With transportation responsible for nearly a quarter of the world’s greenhouse gas emissions, a reduction of emissions from transportation is imperative. Around the world, policy reflects this need. For example, the European Union has set a target for a 10% reduction in overall transportation emissions by 2020. Japan is targeting a 30% reduction in emissions from railways by 2020 and European Railvision hopes for a carbon free railway network by 2050.
At the same time, energy makes up a significant portion of a railway’s operational cost. In the last 5 years the Belgian National Rail Operator (SNCB) has seen a 30% increase in energy costs. In the UK, the energy cost of running a train for its lifetime is generally estimated to be equivalent to the cost of the train itself.

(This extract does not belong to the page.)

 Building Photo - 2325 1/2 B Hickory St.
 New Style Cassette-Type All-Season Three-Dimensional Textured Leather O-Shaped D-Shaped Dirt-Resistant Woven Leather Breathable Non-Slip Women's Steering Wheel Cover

Therefore, the reduction of energy use in railways is a win-win strategy: saving costs for railway operators and aiding the environment by contributing to the reduction in carbon emissions.
Sunday afternoon’s workshop featured 6 presentations of research pertaining to this area. Emissions reductions can be realized from a number of perspectives, from a big-picture measure such as timetabling, to efficient driving techniques, to the effectiveness of sub-systems. A theme of the afternoon’s presentations was that strategy, information and train control play an important role in increasing the energy efficiency of railway systems.
Dr. Clive Roberts (University of Birmingham) discussed his research in the use of simulation to give an understanding of the origins of energy loss within a railway power system. Dr. Ingo Hansen (Delft University of Technology,) showed that intelligent railway traffic management contributes to energy savings.
Dr. Thomas Albrecht (Dresden University of Technology) concluded that standardized interfaces between traffic control systems, driver advisory systems and conflict detection and resolution, can lead to fewer delays and unplanned stops, resulting in a more energy efficient driving. Along similar lines, Dr. Rob Goverde (Delft University of Technology) highlighted the importance of the interaction of the timetable and train control system in the context of capacity, stability and robustness. Here the main conclusion was that timetabling can be a prerequisite for effective train control.
Dr. Tao Teng, (Beijing Jiaotong University) talked about the future of train control systems and equated the state of current technology to a tower of toy bricks, with several separate pieces stacked on top of one another, but not necessarily working together. The trends in new technology include on-board technology, more automation, more integration, and convergence of European and Chinese as well as mass transit and mainline technologies.
Of course for a sustainable railway system, safety is also critically important. In the final presentation Geltmar von Buxhoeveden (Technical University of Braunschweig) showed the development of a tool to statistically analyze safety indicators in the Swiss public transit system.
As we all know, conference presentations can be rated somewhere on a scale from snoozefest to super interesting and engaging. Here, and in future posts, I will take the opportunity to give shout-outs to interesting and engaging presenters. Geltmar von Buxhoeveden deserves such a shout-out from this session.